I was delighted at this, for it is high time that someone like him was recognised in some way. For Sanku, as we all refer to him, is a lover of cricket, and that is understating it a bit. Cricket is Sanku’s lifeblood, his breath of life and his very being. And he has always been amazingly good at it.

I have known Sanku practically from the cradle, we both joined in the LKG at Vidya Mandir in 1969. As the years went by, our characters crystallised. There were some fantastic all-rounders in our class, who excelled in everything. Then there were one track minds in which category you could put Sanku and me. The only difference was that I was wholly and solely into the arts, language and history, while Sanku was entirely into sports.

Even today, give me a ball and I wouldn’t know what to do with it. I assume Sanku reacts the same way with a paint brush. But he was outstanding in sports, particularly cricket. And when we grew up, he followed his passion. He never played for the state or went national and I dont know what goes into the selection of people for such things (I bet Sanku has no clue as to how Sabhas select musicians either). But he enjoyed his time playing for Alwarpet and such like and indulged in his love for cricket to the hilt. He may not be the kind that is besieged for autographs but when a tally is made of those to whom cricket meant everything to the exclusion of all else, his name will be there. It is people like him as much as the stars who make a game. Now Sanku acts as a liaison man for visiting teams and continues his love for the game.

Even today it is possible to see Sanku jogging or cycling around Nageswara Rao Park.
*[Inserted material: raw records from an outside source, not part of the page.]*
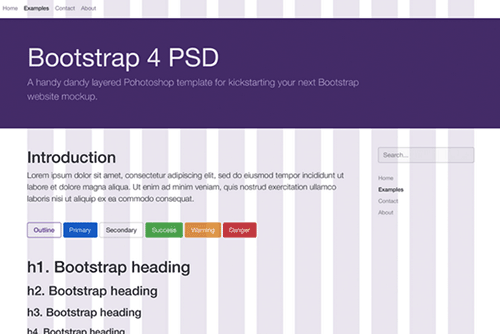 Bootstrap 4 栅格系统模板 (BS4 Grid PSD)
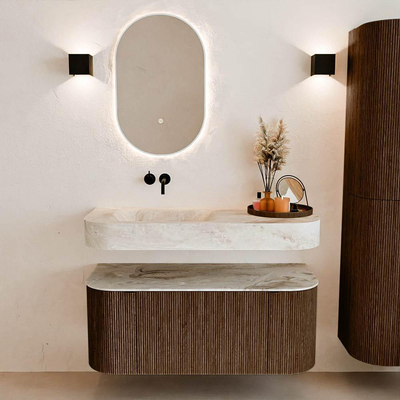 MONDIAZ THOR-DLUX 110cm badmeubel ronding links + rechts kleur Walnut met 1 lade en 2 deuren. Vrijhangende wastafel CLOUD Links zonder kraangat kleur Frappe.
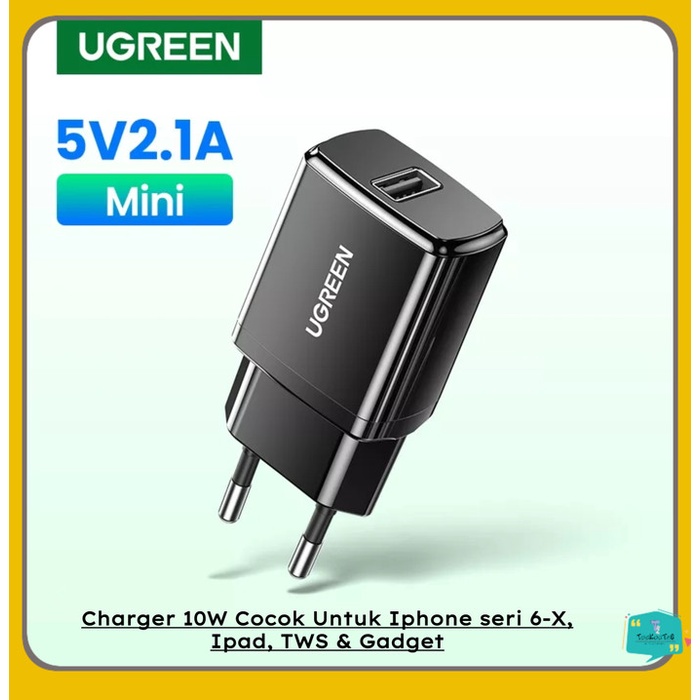 UGREEN Kepala Charger USB 10W 5V 2.1A Untuk Iphone 7 8 X Ipad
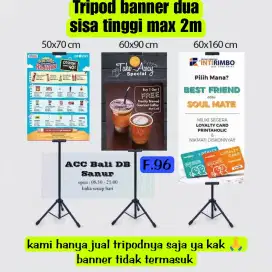 Tripod banner dua sisi max tinggi 2m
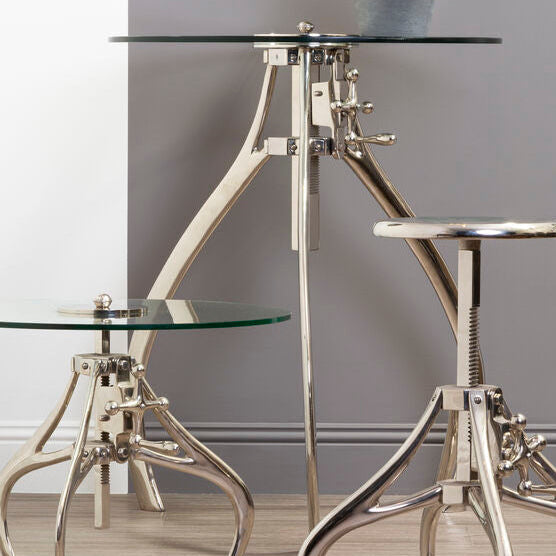 Nickel Finish Crank Mechanism Height Adjustable Table with Clear Glass Top, Maxi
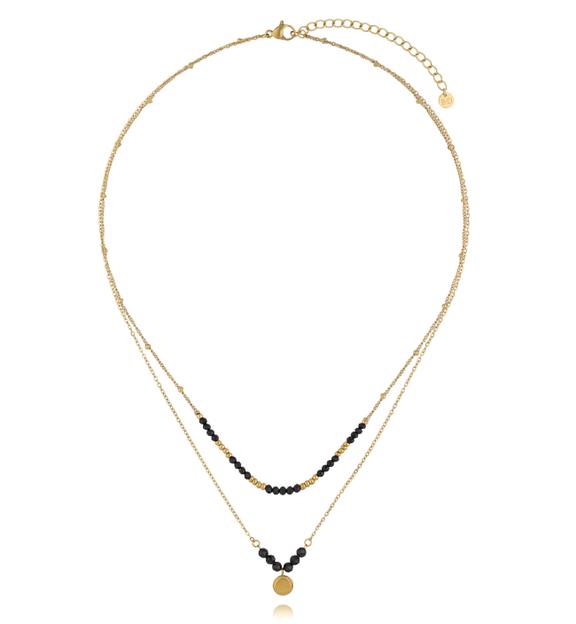 Naszyjnik warstwowy ze złoceniem i czarnym agatem NEA0100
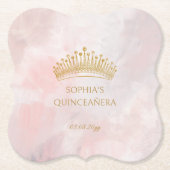 Classy Crown Pink Quinceanera Party Custom Untersetzer (Vorderseite)
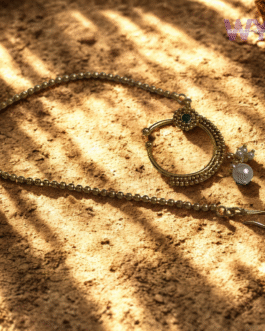 Antique Gold Beaded Nath with Pearl & Green Stone Detailing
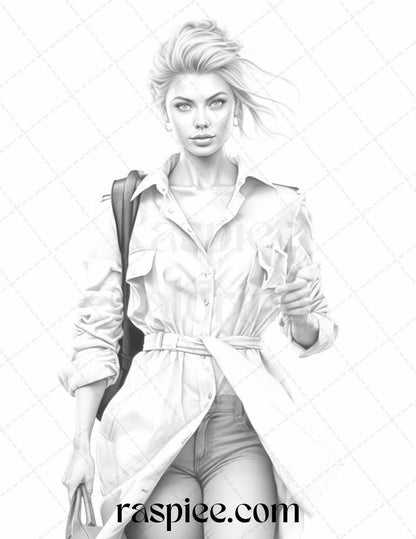 Fashion Show Grayscale Coloring Pages Printable for Adults, PDF File Instant Download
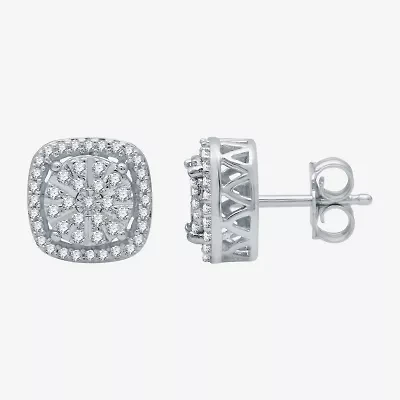 (F / Si1-Si2) 1/3 CT. T.W. Lab Grown White Diamond 9.2mm Round Stud Earrings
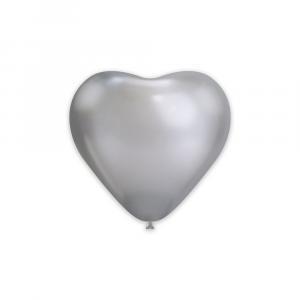 Palloncini chrome cuore 12" - 30cm argento 89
At a time when his compatriots such as me are thinking about hypertension, jelly in the belly and other such problems, Sanku remains fit as a fiddle. We meet once in a while and each has a vague idea about the other’s area of specialisation. But our affection for each other has remained undiminished. Long may Sanku remain fit and keep the flame of true cricket burning.

One of the V’s in Sanku’s name stands for Vembaukkam, the village that gave a number of legal luminaries to Madras – Sir V Bhashyam Iyengar, VV Srinivasa Iyengar, Sir VC Desikachari, VC Seshachari, VC Gopalarathnam and so on. All of them were pillars of Mylapore as well. Sanku may have propped the village up with a pair (or is it a trio) of stumps but he is one of the pillars of Mylapore anyway.